Source data
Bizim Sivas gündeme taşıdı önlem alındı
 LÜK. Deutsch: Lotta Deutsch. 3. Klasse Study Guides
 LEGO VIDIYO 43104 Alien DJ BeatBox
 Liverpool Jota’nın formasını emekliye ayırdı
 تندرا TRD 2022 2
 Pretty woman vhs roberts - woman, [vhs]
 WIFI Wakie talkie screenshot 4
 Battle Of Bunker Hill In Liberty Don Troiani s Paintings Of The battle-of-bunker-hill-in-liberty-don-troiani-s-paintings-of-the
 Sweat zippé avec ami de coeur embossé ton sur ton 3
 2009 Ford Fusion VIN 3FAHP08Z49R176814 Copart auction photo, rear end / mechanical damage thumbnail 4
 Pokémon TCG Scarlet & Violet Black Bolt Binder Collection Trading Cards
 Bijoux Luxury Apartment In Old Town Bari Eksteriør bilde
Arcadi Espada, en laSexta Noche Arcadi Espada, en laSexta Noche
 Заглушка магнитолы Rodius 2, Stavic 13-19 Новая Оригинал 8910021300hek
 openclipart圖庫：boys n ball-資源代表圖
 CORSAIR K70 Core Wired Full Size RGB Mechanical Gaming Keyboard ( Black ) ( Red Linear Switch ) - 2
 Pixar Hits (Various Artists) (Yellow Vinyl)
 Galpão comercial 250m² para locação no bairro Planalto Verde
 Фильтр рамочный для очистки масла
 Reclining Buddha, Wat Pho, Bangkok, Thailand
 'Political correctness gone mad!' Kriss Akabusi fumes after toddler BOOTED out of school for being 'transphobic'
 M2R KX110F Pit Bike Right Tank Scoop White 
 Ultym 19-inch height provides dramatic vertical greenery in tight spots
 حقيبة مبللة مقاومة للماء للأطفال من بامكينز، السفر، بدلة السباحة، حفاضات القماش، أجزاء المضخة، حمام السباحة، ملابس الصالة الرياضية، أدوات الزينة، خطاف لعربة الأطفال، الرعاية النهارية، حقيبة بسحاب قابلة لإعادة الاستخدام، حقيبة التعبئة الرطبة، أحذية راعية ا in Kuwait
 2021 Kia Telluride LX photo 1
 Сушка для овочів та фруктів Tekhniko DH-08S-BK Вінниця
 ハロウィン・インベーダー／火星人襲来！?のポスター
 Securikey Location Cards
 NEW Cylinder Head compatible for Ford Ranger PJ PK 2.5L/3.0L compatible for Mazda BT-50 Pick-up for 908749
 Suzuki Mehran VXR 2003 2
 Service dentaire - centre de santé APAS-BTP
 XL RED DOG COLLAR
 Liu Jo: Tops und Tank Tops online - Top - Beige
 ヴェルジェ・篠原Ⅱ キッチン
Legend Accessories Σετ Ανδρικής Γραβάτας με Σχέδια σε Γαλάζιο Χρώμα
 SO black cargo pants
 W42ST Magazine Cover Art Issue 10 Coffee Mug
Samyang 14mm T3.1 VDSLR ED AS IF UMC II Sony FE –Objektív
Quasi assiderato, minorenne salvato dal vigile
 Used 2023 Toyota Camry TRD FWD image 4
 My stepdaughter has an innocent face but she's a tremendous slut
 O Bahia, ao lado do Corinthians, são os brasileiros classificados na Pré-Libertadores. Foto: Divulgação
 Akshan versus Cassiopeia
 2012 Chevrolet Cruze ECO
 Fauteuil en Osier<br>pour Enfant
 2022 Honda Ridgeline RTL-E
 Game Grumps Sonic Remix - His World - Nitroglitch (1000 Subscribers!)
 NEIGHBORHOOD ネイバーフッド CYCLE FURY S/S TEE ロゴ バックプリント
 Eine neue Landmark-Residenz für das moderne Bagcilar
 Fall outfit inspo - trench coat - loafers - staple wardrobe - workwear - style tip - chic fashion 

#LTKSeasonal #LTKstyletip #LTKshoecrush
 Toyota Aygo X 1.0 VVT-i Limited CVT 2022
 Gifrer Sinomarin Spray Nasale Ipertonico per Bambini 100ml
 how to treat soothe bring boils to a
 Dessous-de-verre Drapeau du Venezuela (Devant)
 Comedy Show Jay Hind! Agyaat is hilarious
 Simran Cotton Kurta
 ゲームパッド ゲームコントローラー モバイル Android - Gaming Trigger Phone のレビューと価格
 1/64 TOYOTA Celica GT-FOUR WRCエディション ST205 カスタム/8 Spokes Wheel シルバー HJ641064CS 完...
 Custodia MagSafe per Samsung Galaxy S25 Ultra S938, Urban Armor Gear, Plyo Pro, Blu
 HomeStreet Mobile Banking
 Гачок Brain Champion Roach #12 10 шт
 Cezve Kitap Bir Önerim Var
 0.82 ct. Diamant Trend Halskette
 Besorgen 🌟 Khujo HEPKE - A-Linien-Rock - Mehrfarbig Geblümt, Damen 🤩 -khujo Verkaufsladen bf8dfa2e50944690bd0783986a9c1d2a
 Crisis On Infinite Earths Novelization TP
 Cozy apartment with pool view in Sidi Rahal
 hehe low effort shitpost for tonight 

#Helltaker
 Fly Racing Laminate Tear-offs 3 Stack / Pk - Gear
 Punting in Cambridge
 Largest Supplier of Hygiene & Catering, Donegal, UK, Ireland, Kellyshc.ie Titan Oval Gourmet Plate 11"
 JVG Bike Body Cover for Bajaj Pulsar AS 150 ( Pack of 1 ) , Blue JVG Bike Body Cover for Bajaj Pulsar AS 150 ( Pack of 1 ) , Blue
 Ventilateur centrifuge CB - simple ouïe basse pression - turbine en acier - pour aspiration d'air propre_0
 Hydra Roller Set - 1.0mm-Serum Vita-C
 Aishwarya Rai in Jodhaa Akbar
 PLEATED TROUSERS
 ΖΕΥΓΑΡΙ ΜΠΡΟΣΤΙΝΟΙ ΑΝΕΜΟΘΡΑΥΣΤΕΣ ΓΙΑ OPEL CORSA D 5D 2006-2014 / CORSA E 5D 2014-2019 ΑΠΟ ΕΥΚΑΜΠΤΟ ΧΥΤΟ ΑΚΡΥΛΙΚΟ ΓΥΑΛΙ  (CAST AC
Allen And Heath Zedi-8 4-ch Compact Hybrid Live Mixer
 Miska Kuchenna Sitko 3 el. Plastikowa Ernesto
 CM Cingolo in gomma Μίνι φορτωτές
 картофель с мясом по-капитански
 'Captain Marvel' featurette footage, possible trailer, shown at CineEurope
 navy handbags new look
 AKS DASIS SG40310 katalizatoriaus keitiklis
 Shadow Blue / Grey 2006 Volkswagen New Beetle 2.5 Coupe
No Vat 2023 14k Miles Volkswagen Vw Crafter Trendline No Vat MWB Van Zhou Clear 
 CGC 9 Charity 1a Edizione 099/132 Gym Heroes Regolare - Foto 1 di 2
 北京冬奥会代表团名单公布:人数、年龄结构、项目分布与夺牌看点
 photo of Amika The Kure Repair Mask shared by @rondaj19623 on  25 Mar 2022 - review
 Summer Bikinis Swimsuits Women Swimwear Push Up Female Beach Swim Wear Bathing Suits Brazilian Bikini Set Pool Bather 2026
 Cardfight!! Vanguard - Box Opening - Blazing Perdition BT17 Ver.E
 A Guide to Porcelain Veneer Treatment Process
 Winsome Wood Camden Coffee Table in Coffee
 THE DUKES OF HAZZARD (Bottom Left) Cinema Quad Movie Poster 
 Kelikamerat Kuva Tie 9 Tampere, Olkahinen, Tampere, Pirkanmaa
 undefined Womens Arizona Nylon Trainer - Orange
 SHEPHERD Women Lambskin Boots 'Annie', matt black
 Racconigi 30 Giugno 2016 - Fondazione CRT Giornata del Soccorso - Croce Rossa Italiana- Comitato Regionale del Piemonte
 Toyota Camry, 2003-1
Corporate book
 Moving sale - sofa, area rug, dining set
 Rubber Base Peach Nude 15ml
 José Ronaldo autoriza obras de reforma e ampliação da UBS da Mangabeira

# What is expected:
Tally the lines of the records that contain the word "Volkswagen" and state the total alone.

# Response box:
2